Quarterback: It seems defenses have figured out Seth Doege and he has not responded by diversifying his skills and developing new strengths. He throws a low ball so defensive linemen make sure to get their hands up. He doesn't read defenses well so teams are dropping and covering and disguising their coverage's. He rarely works the middle of the field so defensive backs are pouncing on the bubble and tunnel screens. Seth Doege is a quarterback caught in a spider's web. The results have been terrible the last three weeks, and the Oklahoma State game was no exception.
Running Backs: Tech's running backs were less of a factor in the Oklahoma State game than in any other contest this season. There were two reasons for this. First, the Red Raiders fell so far behind so quickly that running the football was not an option in the abortive comeback attempt. Second, when the backs ran, they were not particularly effective. Kenny Williams, Aaron Crawford, DeAndre Washington and Ben McRoy rushed 27 times for 95 yards, averaging only 3.5 yards per carry. Heck, they could scarcely pick up first downs when Tech was trying to get the game over with.
Receivers: Six receivers caught footballs, but none had a reception of longer than 12 yards. Obviously, this means that the Red Raiders had nothing going deep down the field, and it also means that receivers were not blocking and nobody was getting yardage after the reception. Seth Doege played an awful game, but his receivers didn't get open very often for him either.
Offensive Line: Except for Justin Keown's now traditional personal foul penalty, the line played acceptably.
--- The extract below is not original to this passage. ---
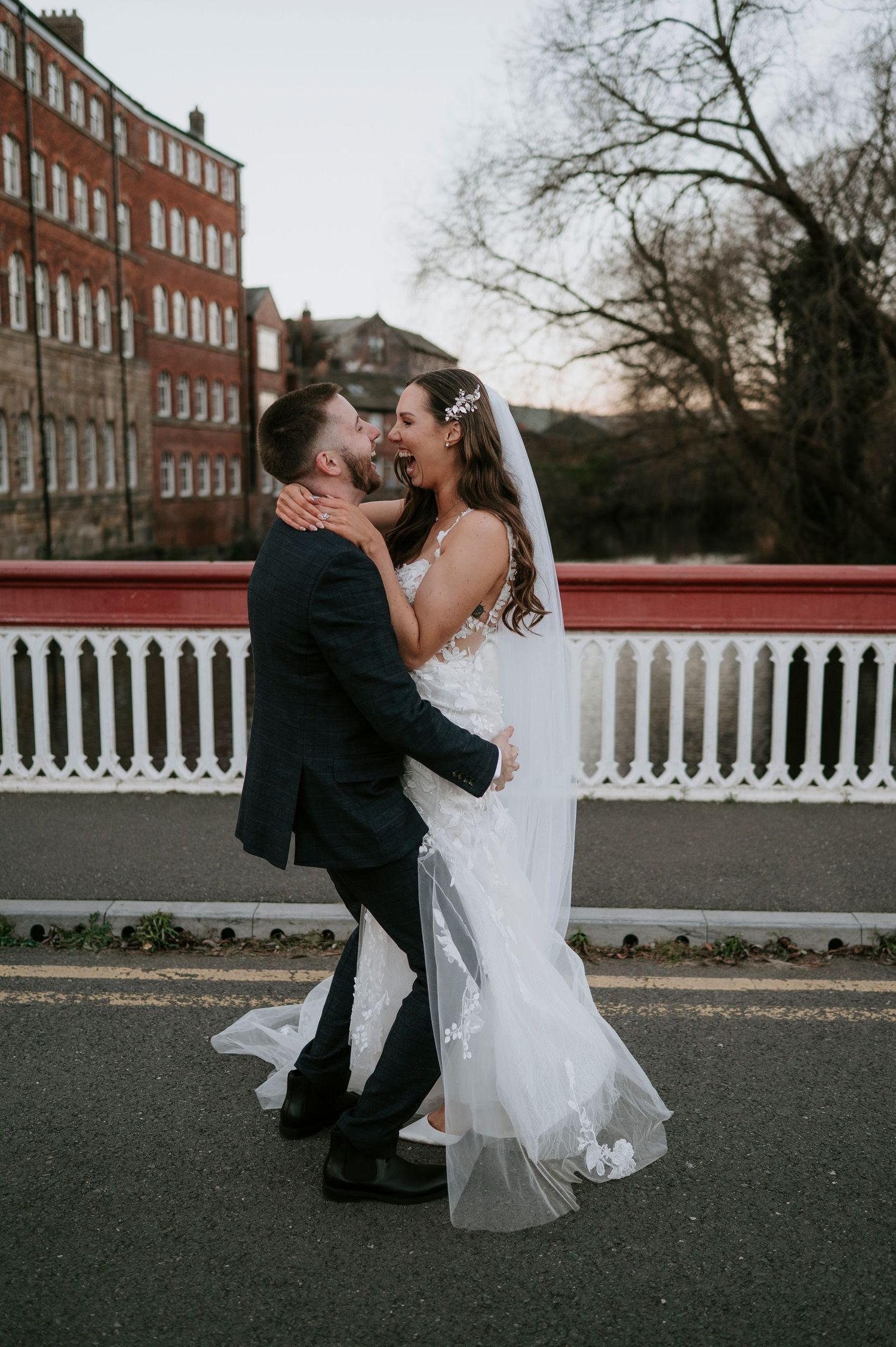 Bride and groom share a romantic embrace on a bridge, with red brick buildings in the background.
Run blocking was poor, but pass protection was adequate. Then again, the Cowboys rarely rushed more than four, and it says a lot when the opposition feels they can control your running game with only four defensive linemen.
Defensive Line: The Red Raiders actually got some pressure on Brandon Weeden early in the game, and did a serviceable job containing Joseph Randle. As the game wore on, however, the pass rush vanished. Scott Smith did get a sack.
Linebackers: See the comments on the defensive line. And Cqulin Hubert, for all his limitations, was one of the few Red Raiders who actually played with some heart and pride.
Secondary: The opposition's ability to run at will allowed the Red Raiders to hide the fact that the secondary cannot cover anybody. Nor, with the exception of Terrance Bullitt, can it tackle. D. J. Johnson's play has deteriorated dramatically as the season has progressed. And Eugene Neboh gave poor effort, to say the very least, on Justin Blackmon's short fade for a touchdown in the first quarter. Cornelius Douglas is not yet ready to play cornerback effectively, but he's got the fight and the toughness to excel there once he learns the ropes.
Special Teams: Dreadful. Absolutely dreadful. A muffed punt, a kickoff fumbled by two players that gets returned for a touchdown, and a misfire on a two-point conversion attempt. It was Laurel and Hardy, Abbott and Costello, Spanky, Alfalfa, Buckwheat and the Three Stooges all rolled into one blundering mass. Ryan Erxleben did, however, average 44.4 yards per punt. And lord knows he got plenty of opportunities.